Nan Shan deal: Too much at stake

The government’s regulatory agencies last week lashed out at a Hong Kong consortium’s plan to sell 30 percent of its stake in Nan Shan Life Insurance Co to Chinatrust Financial Holding Co. However, the Nan Shan deal has also put the regulatory agencies’ credibility to the test, with the public watching closely if they will approve the deal eventually.

On Tuesday, Hong Kong-listed China Strategic Holdings Ltd — which, along with private equity fund Primus Financial Holdings Ltd, had purchased a 97.57 percent stake in Nan Shan last month from American International Group Inc (AIG) for approximately US$2.15 billion — announced unexpectedly that it planned to sell 30 percent of the Nan Shan shares to Chinatrust Financial for US$660 million.

In exchange, Chinatrust Financial would sell 9.95 percent of its shares to China Strategic for NT$20.79 billion (US$643 million) via a private placement. Chinatrust Financial said it also reserved the right to increase its shareholding in Nan Shan within three years.

This new deal between China Strategic and Chinatrust Financial has pretty much blown a hole in the commitment the Hong Kong consortium made earlier to the Financial Supervisory Commission, in which it said that, once it wins regulatory approval for its deal with AIG, it would maintain a long-term stake and run the company for a minimum of seven years.

But what has actually raised people’s eyebrows is the identity of the people — or the power — behind the Hong Kong consortium — especially China Strategic.

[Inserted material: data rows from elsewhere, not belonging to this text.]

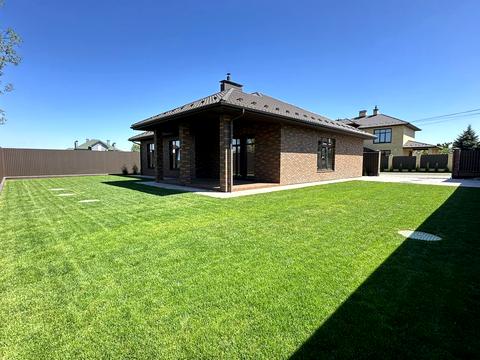 будинок за адресою Дачна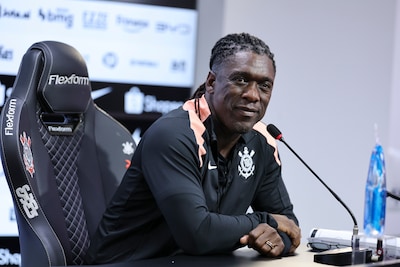 Schulden en woedende fans, en dan is ook het papierwerk niet in orde: Seedorf heeft 8 duels om tij te keren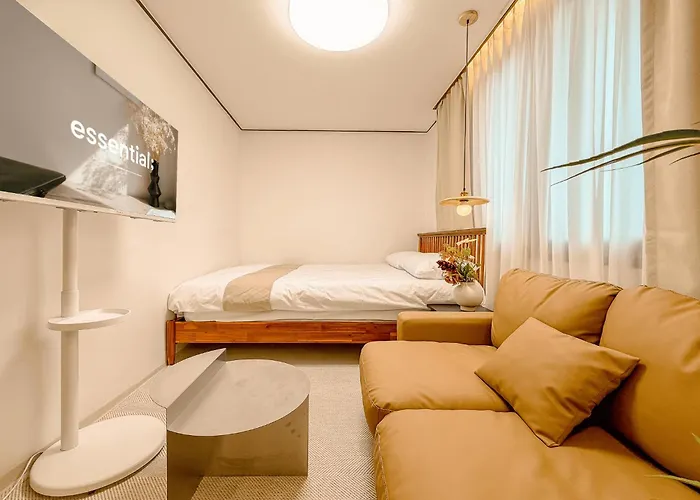 Haebangchon, Itaewon Street, Sinheung Market, Namsan Tower, 15 Minutes To Hongdae,the Still House Yongsan * Seúl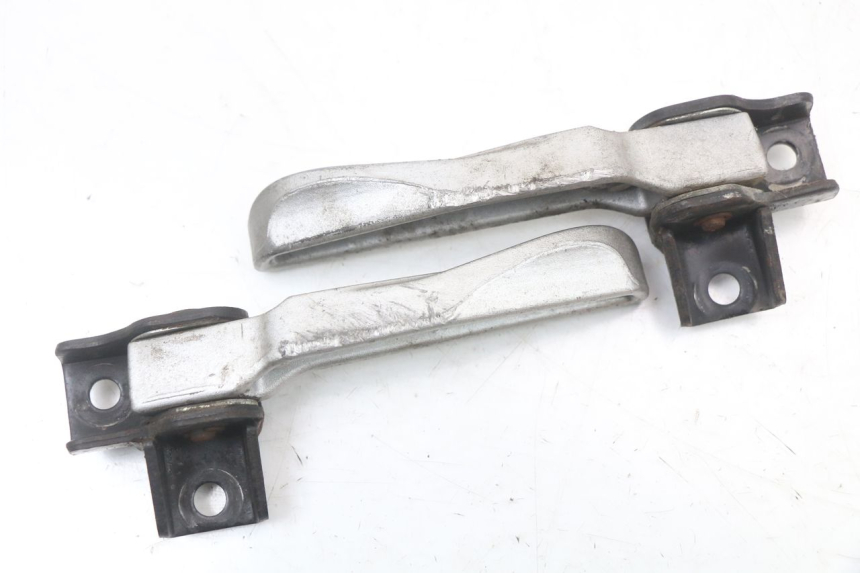 photo de PAIR REAR FOOTRESTS SYM FIDDLE 3 III 50 (2014 - 2017)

On Nov. 10, China Strategic, a battery manufacturing and securities investment company, appointed former Hong Kong commerce secretary Frederick Ma (馬時亨) as chairman and former Hang Seng Bank chief executive Raymond Or (柯清輝) as its chief executive officer. Its shareholding structure is also a mystery, raising concern in Taiwan that it might include Chinese nationals. Taiwanese regulations still prohibit Chinese investment in the local financial sector.

Given these concerns, the Investment Commission last Friday demanded that the company submit more documentation about its shareholding structure and the nationalities of shareholders before entering into a formal review of the Nan Shan deal.

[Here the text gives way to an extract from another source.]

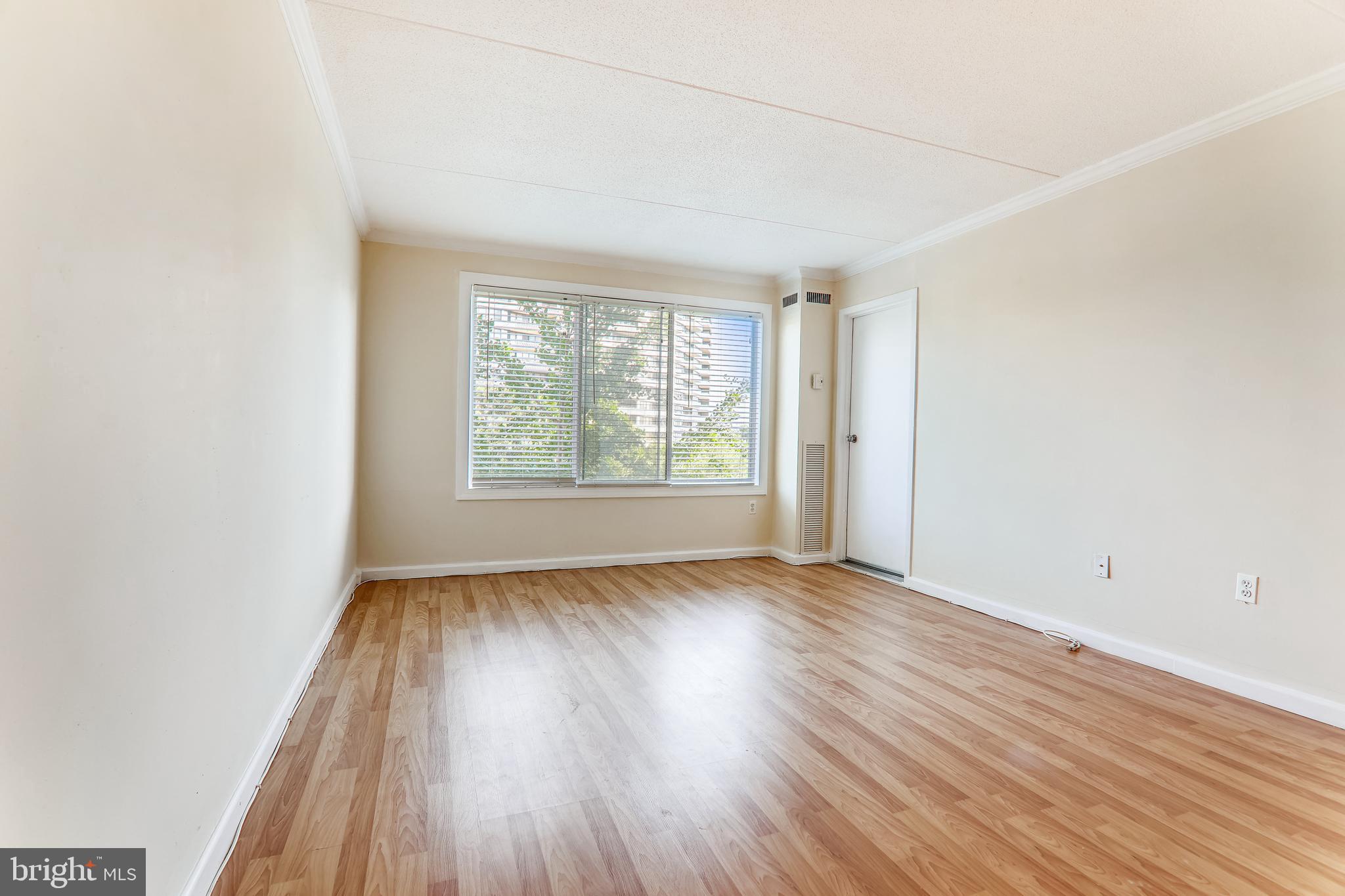 SENTINEL OF LANDMARK - Residential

The deal has raised a number of questions. Why is China Strategic planning to sell part of its Nan Shan holding to Chinatrust Financial even before it has received regulatory approval to buy AIG’s stake in Nan Shan? Is it simply a tactic to gain regulatory approval by partnering with a major financial conglomerate in Taiwan?

As for AIG, how does it view this deal with the consortium? Has China Strategic broken AIG’s bidding rules by agreeing to sell a stake in Nan Shan to Chinatrust Financial?

When the Hong Kong consortium outbid Chinatrust Financial last month to acquire AIG’s Nan Shan shares, AIG said the winning bidder was chosen because it presented the greatest long-term stability and potential to Nan Shan. Will AIG now agree to the consortium teaming up with Chinatrust Financial after initially rejecting Chinatrust?

This conundrum has raised suspicions whether the government is under pressure to approve the Hong Kong consortium’s deal with AIG, which is nearly 80 percent owned by the US government. The ownership transfer of Nan Shan has great implications for its 4 million policyholders, approximately 4,000 employees and more than 34,000 agents in Taiwan. There is too much at stake for the regulatory agencies to take this issue lightly.